Hingham High School Goes Green With America Recycles Day 'Teach In'
Hingham High School Students mixed garden compost, planted garlic, pretended to be fishermen and learned how keep the environment safe on Thursday as part of their day-long celebration of "America Recycles Day."
It was not difficult to remember the lesson plan at Hingham High School on Thursday. In fact, it was written in chalk on the school’s front entrance: “Go Green or Go Home.”
That was the attitude every teacher and their students had at Hingham High School on Thursday as they participated in the fifth annual America Recycles Day "Teach in." Assistant Principal Rick Swanson said the day is designed to raise awareness about environmental issues.
The faculty members from every department educated students about recycling with about 150 separate presentations throughout the school day.
In the gymnasium, physical education teacher John Rice explained the ways to go green in the world of sports. He advised his students to stay away from plastic water bottles, to use stairs instead of an elevator and to get outside more often instead of playing video games.
In the school’s courtyard, education specialists John Belber and Janis McPhillips from Holly Hill Farm in Cohasset had students from Dr. Paul Pawlowski’s Woodworking II class plant garlic. The students used compost made from disposed fruits and vegetable collected at the school lunches to add nutrients to the garden’s soil. Even the garden bed was made from recycled lumber which was once used to hold up the Hingham Middle School’s collapsing roof.
In the cafeteria , Social Studies teacher Ron Woolley designed a lesson plan that had his students pretending to be fishermen. The 20 plus students had to find a way to catch enough food to eat while not disrupting the ecosystem.
Outside the cafeteria and in the school’s main lobby, students lined up at the hydration stations which filters the school’s tap water and makes it cold and refreshing. Assistant Principal Swanson said the stations encourage students to drink from reusable water bottle instead of plastic bottles, which can be unfriendly to the environment.
Throughout the school day, every single faculty member participated in the Teach In. It was only the second time that 100 percent of the HHS teachers agreed to participate and for that they were awarded with coffee from the Starbucks in Hingham. Some had guest speakers or showed films on subjects such as pollution, alternative energy, climate change, renewable energy or anything tying into America Recycles Day.
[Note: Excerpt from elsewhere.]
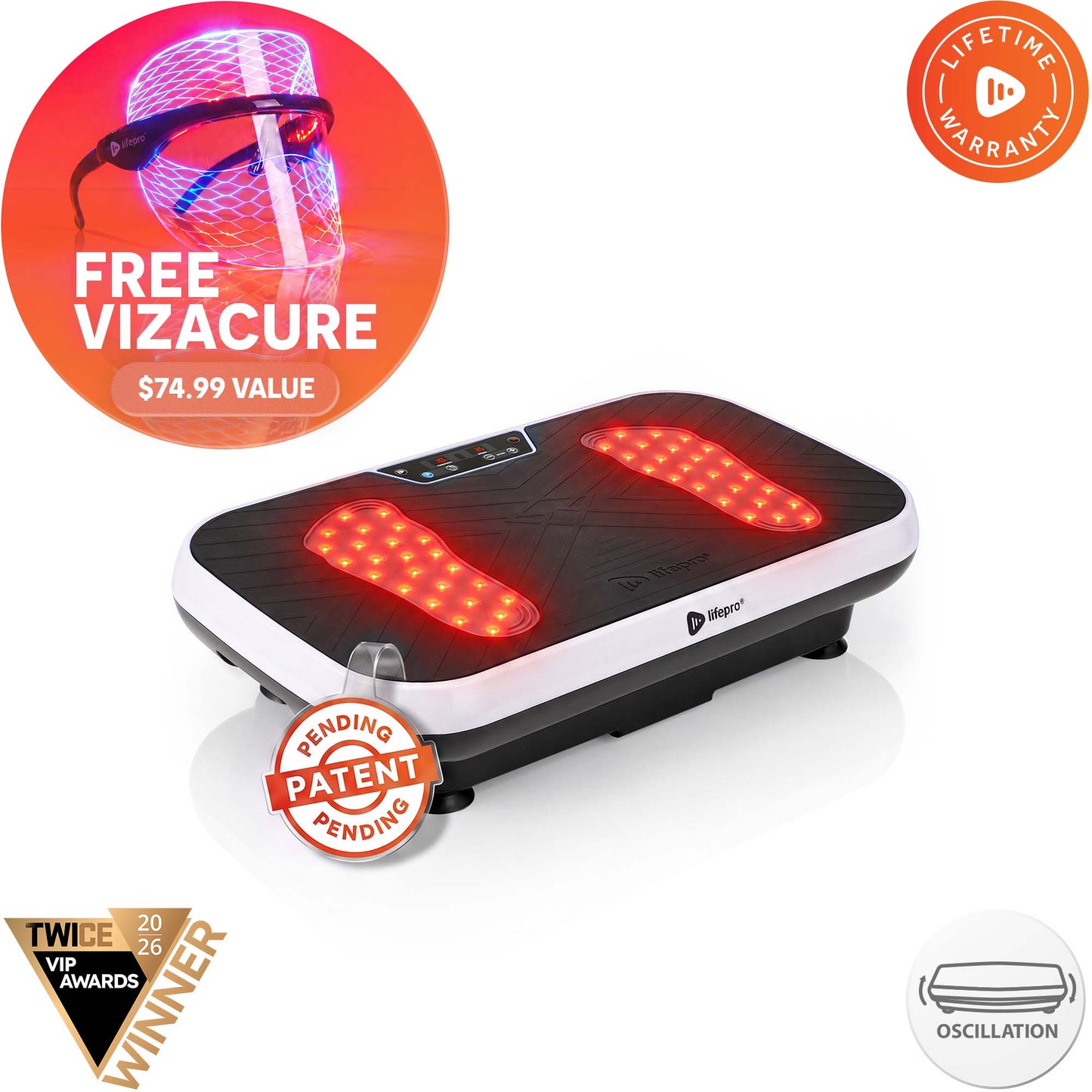 VibraRed vibration plate in white with red light therapy LEDs lit, next to a promo for a free VizaCure red light face mask and glasses, a $74.99 value.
HHS Principal Dr. Paula Girouard McCann said devoting a day to environmental issues was well worth it.
“Our goal as teachers is to prepare students to function in the environment that we have created and that we are going to leave to them,” McCann said. “So if they can do something to improve the environment, it’s just going to benefit not only the current generation, but the generations of the future. I think we’re teaching them a life long skill that they can use long after they graduate from high school.”